Fake PeterPerfect@6:03 too. Go fuck yourself loser.
I’m sorry Dave T, that Lewis isn’t catering to your fragile wittle psyche. And I’m so sorry, that you hurt by our wittle bit of fun here. But, you know what, once you’re weened on mommies milk, maybe you can come back and join the big boys.
Until then, good luck fucking the empty skulls of the vapid surf community elsewhere.
Cockswaddle.
@lazer, actually it is me i don’t know what the fuck is up with you.
PS: you forgot to add Hemingway to your list before. After Death in the Afternoon, it’s all downhill.
I do think there’s an echo in here… but that doesn’t mean I still can’t spell.
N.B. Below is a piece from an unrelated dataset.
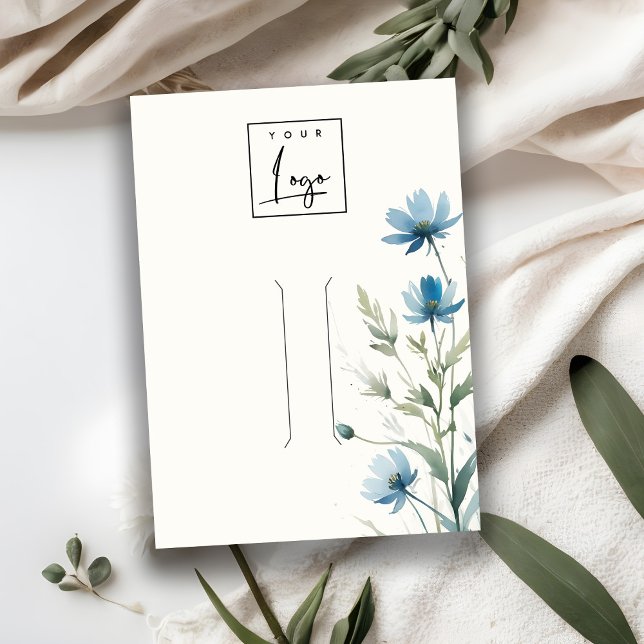 Tarjeta De Visita Dusky Blue Wildflower Logo Hairpin JewelDisplay (Subido por el creador)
Damn this blogging system and its inabilities to allow a preview or a ‘delete’ option once we’ve posted.
Takes the wind right out of a pious diatribe; like the drivel I flatulated at 6:46.
@dave T
its been awhile since i’ve commented on a post but this one I knew i had to chime in. i was struggling with exactly how to put it but upon reading your post i decided you hit it the nail on the head.
Full LS slarb fest/look at me I’m smart/ maggot’s who probably suck at surfing barnfest
I’d like to see more insight from people who are eduacated on the subjects instead of some weird literary popularity contest
@Dave T.
I’m sorry you threw up all over our playground. Do you feel better now? ‘Cause it smells like you ate something very very bad.
PS, I am SO glad to hear that shitty waves are a fixable problem. Anyone want to buy my funboard?
@nealdude
I’ll offer new readers a handy translation of your comment:
ORIGINAL:
“its been awhile since i’ve commented on a post but this one I knew i had to chime in. i was struggling with exactly how to put it but upon reading your post i decided you hit it the nail on the head.
Full LS slarb fest/look at me I’m smart/ maggot’s who probably suck at surfing barnfest
I’d like to see more insight from people who are eduacated on the subjects instead of some weird literary popularity contest”
TRANSLATION:
“It’s been awhile since I’ve commented because last time I commented, some meanies heckled me for being a 22-year-old Santa Cruz kid who acts like a 40-year local tough guy regulator. But I’m hoping no one remembers that so I’m linking through to my craptastic blog in which I suck on the shriveled gonads of various SC meth heads.
I’m struggling with exactly how to make a point, because I’m an uneducated retard.
I really hope that these other people suck at surfing, because if they’re kooks then I won’t feel as stupid for being, like, stupid. And stuff.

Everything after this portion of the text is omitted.